Directions: Restate exactly, and only, the lines from the one with "Comentário do gestor" through the end of the data, with both of those end lines kept. Drop any pictures.

----

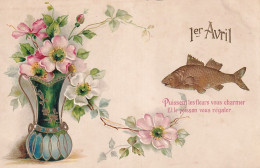 XXX - 1er AVRIL - CARTE FANTAISIE GAUFREE - VASE AVEC FLEURS ET POISSON DORE  - 1er Avril - Poisson D'avril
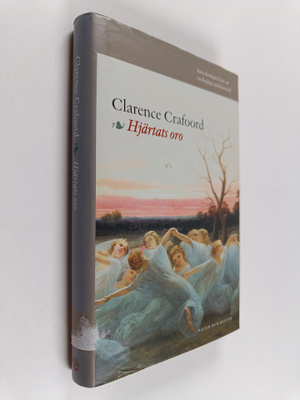 Clarence Crafoord : Hjärtats oro : anteckningar från ett ...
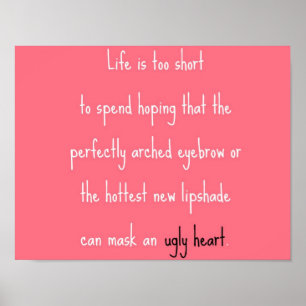 Can't mask an ugly heart poster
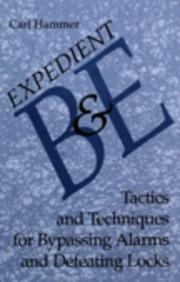 Cover of: Expedient B & E: tactics and techniques for bypassing alarms and defeating locks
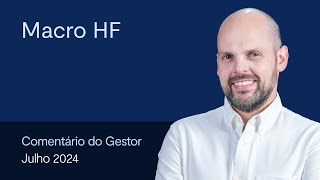 Comentário do gestor Macro HF  Julho [upl. by Lamprey]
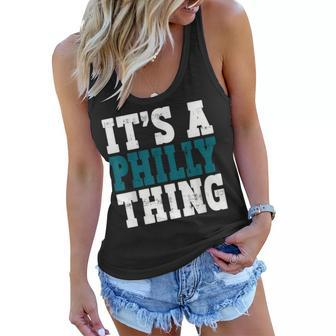 Its A Philly Thing Its A Philadelphia Pride Men Women Fan Women Flowy Tank - Seseable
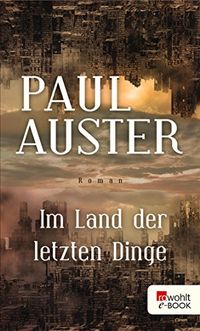 Im Land der letzten Dinge (German Edition)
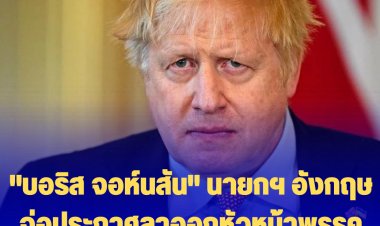 "บอริส จอห์นสัน" นายกฯ อังกฤษ จ่อประกาศลาออกจากหัวหน้าพรรคอนุรักษ์นิยมวันนี้-รักษาตำแหน่งนายกฯถึง ต.ค. หลังถูกกดดัน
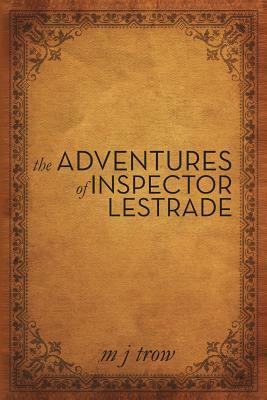 The Adventures of Inspector Lestrade by M.J. Trow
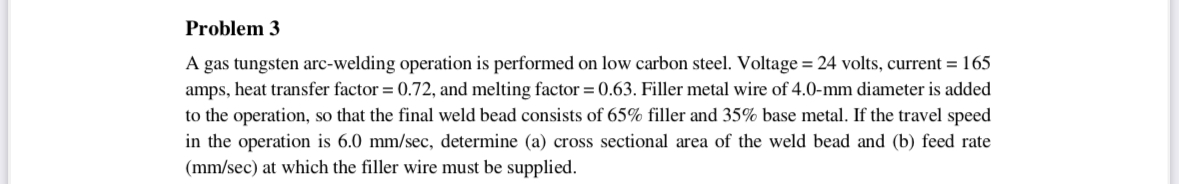 Problem 3 A gas tungsten arc - welding operation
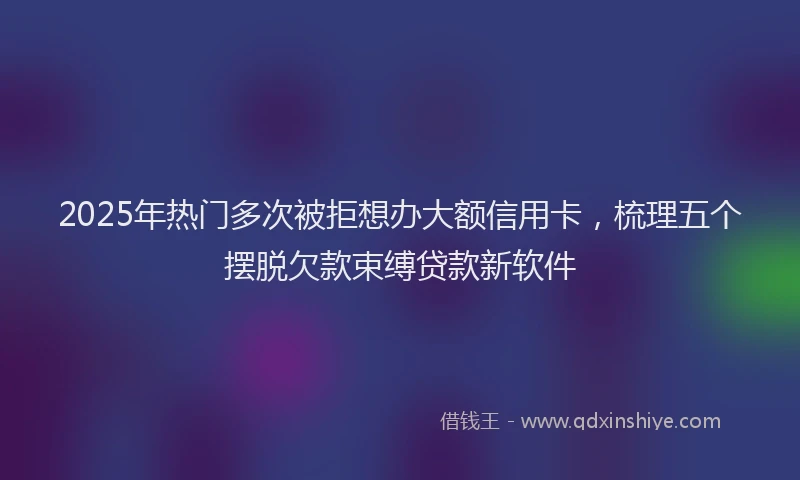 2025年热门多次被拒想办大额信用卡，梳理五个摆脱欠款束缚贷款新软件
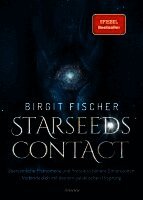 Birgit Fischer - Starseeds-Contact, Inbunden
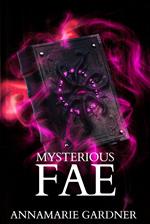 Mysterious Fae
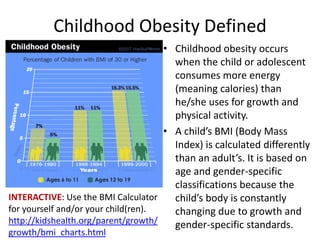 Childhood Obesity DefinedChildhood obesity occurs when the child or adolescent consumes more energy (meaning calories) than he/she uses for growth and physical activity.A child’s BMI (Body Mass Index) is calculated differently than an adult’s. It is based on age and gender-specific classifications because the child’s body is constantly changing due to growth and gender-specific standards. INTERACTIVE: Use the BMI Calculator for yourself and/or your child(ren). http://kidshealth.org/parent/growth/growth/bmi_charts.html
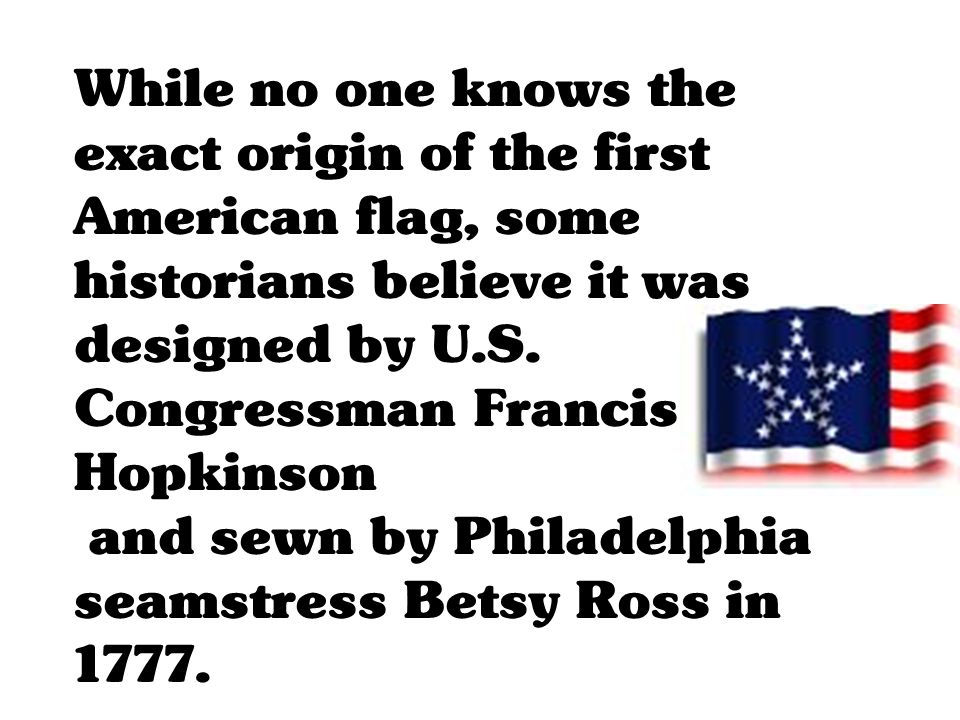 While no one knows the exact origin of the first American flag, some historians believe it was designed by U.S.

----

Task answer:
 Comentário do gestor Macro HF  Julho [upl. by Lamprey]
 Its A Philly Thing Its A Philadelphia Pride Men Women Fan Women Flowy Tank - Seseable
 Im Land der letzten Dinge (German Edition)
 "บอริส จอห์นสัน" นายกฯ อังกฤษ จ่อประกาศลาออกจากหัวหน้าพรรคอนุรักษ์นิยมวันนี้-รักษาตำแหน่งนายกฯถึง ต.ค. หลังถูกกดดัน
 The Adventures of Inspector Lestrade by M.J. Trow
 Problem 3 A gas tungsten arc - welding operation
 2025年热门多次被拒想办大额信用卡，梳理五个摆脱欠款束缚贷款新软件
 Birgit Fischer - Starseeds-Contact, Inbunden
 Mysterious Fae
 Childhood Obesity DefinedChildhood obesity occurs when the child or adolescent consumes more energy (meaning calories) than he/she uses for growth and physical activity.A child’s BMI (Body Mass Index) is calculated differently than an adult’s. It is based on age and gender-specific classifications because the child’s body is constantly changing due to growth and gender-specific standards. INTERACTIVE: Use the BMI Calculator for yourself and/or your child(ren). http://kidshealth.org/parent/growth/growth/bmi_charts.html
 While no one knows the exact origin of the first American flag, some historians believe it was designed by U.S.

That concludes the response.